In an opinion released on November 30, 2018, federal Circuit Judge Richard Sullivan dismissed a lawsuit brought by the U.S. Commodity Futures Trading Commission (the “CFTC”) seeking to hold a prominent Chicago trader and his investment firm liable for manipulation and attempted market manipulation of a highly illiquid segment of the interest rate swaps market. The decision—which followed a four-day bench trial conducted in 2016—is noteworthy not only for the setback dealt to the CFTC in its first market manipulation trial since 2008, but also for the overarching tenor of the opinion.
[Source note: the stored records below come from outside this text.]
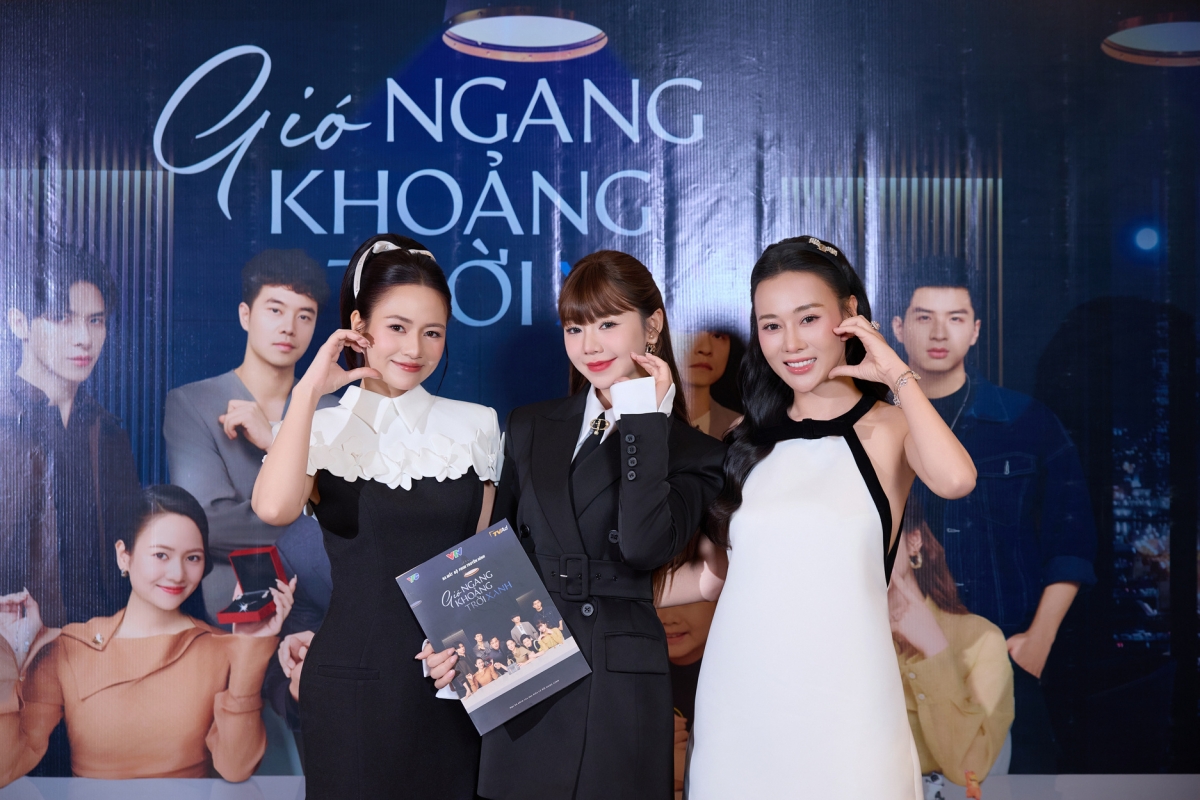 phương oanh vào vai vợ của doãn quốc Đam trong gió ngang khoảng trời xanh hình ảnh 1 phuong oanh vao vai vo cua doan quoc Dam trong gio ngang khoang troi xanh hinh anh 1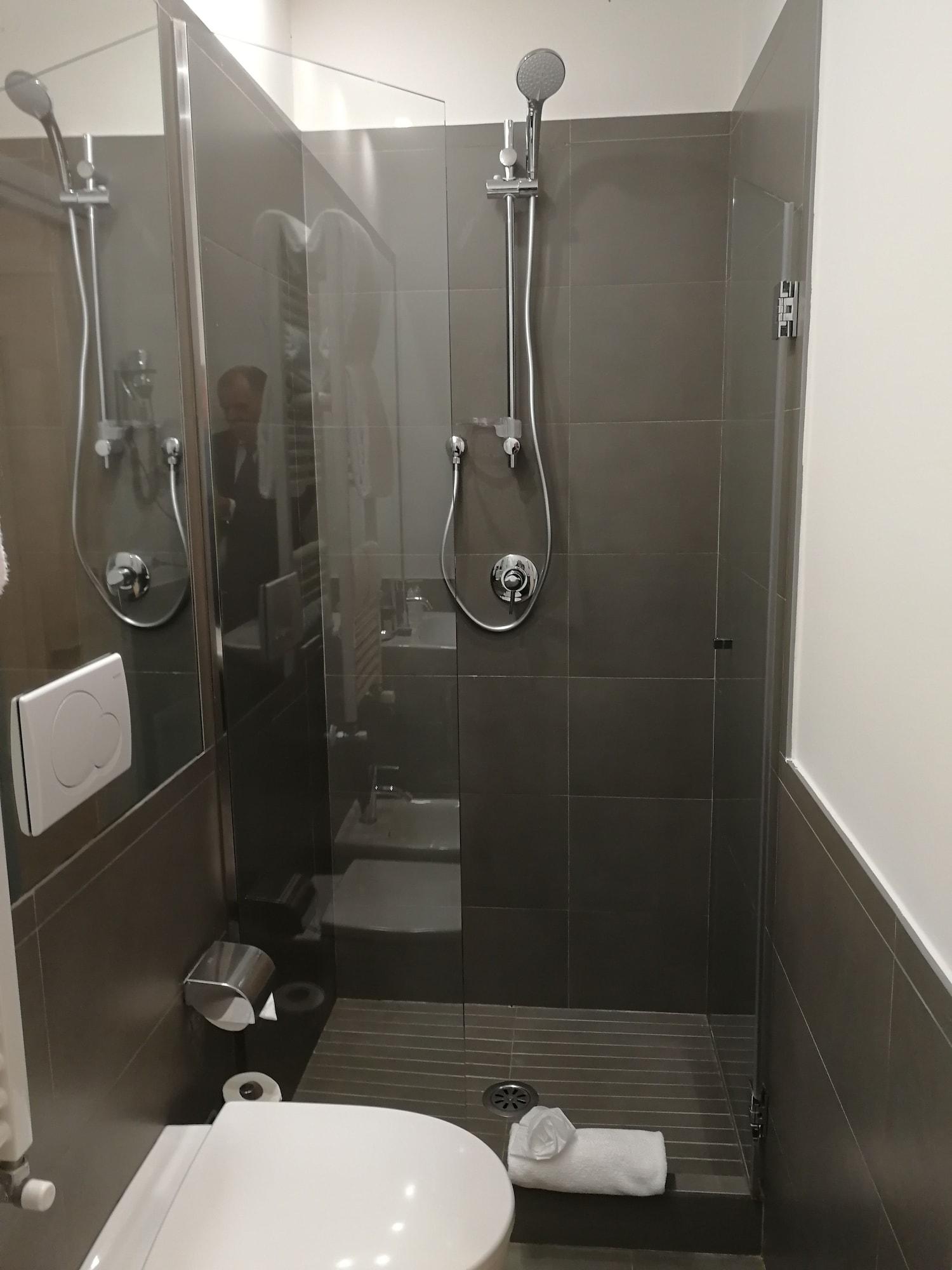 Apartment Lhp *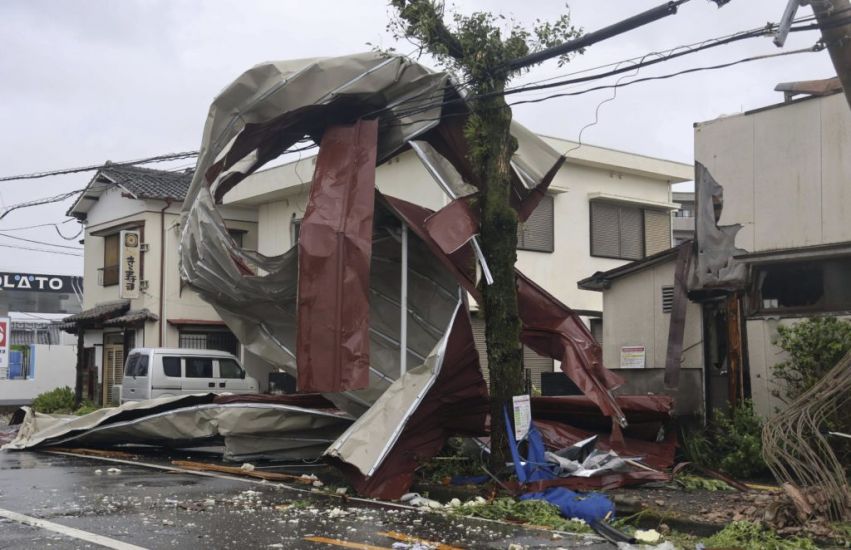 At Least Three Dead As Japan Is Lashed By Typhoon Shanshan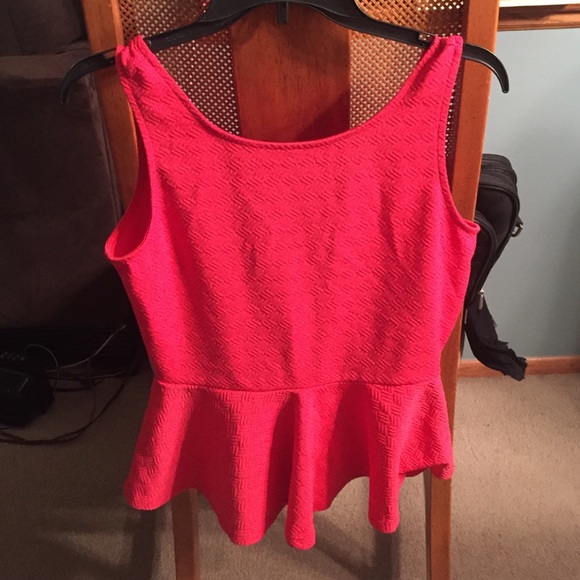 Patterned Tank w/ open back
The CFTC had argued that defendants, responding to a perceived undervaluing of certain swaps, had engaged in market manipulation by placing bids designed to drive up the price of those swaps, thereby benefiting from gains to preexisting long positions and from daily margin payments. Judge Sullivan pulled no punches in concluding that efforts to drive prices towards their “true” value are not the same thing as manipulation, alternatively describing the CFTC’s arguments and evidence as “absurd,” “sermonizing,” “tautological,” and on par with an “earth is flat” denial of basic facts. In addition to its harsh criticism of the CFTC’s case, the court arguably set a higher bar for the government to establish the artificial price element of market manipulation claims, expressly rejecting the CFTC’s long-held position that proving a defendant’s subjective intent to affect the price of commodity could alone satisfy this requirement. What effect the decision will have on the CFTC’s appetite for pursuing market manipulation—particularly at trial—remains to be seen, but the court’s emphatic dismissal will undeniably serve as an important benchmark for market participants assessing enforcement risk in an area of law with few judicial precedents to draw on for guidance.

I. Background

In November of 2013, the CFTC filed a complaint against Chicago-based trader Don Wilson and DRW Investments, LLC (collectively, “DRW”) in the Southern District of New York, arguing that they had manipulated and attempted to manipulate the price of a commodity interest in violation of the Commodity Exchange Act (“CEA”). At the center of DRW’s defense was its assertion that it had discovered an arbitrage opportunity in the market for certain interest rate swaps between those available on the over-the-counter (“OTC”) market and those offered through certain derivative clearing organizations, including International Derivatives Clearinghouse (“IDCH”). Specifically, DRW argued, and Judge Sullivan accepted, that the IDEX USD Three-Month Interest Rate Swap Futures Contract (the “Three-Month Contract”) should be priced above the OTC equivalent product because the Three-Month Contract required counterparties to make daily margin payments reflecting any losses from a particular day’s activity. Importantly, because the party that is “long” in its swap position can reinvest those payments in relatively better market conditions, the presence of daily margin payments creates a “convexity effect” that distorts the value of a cleared contract relative to OTC swaps.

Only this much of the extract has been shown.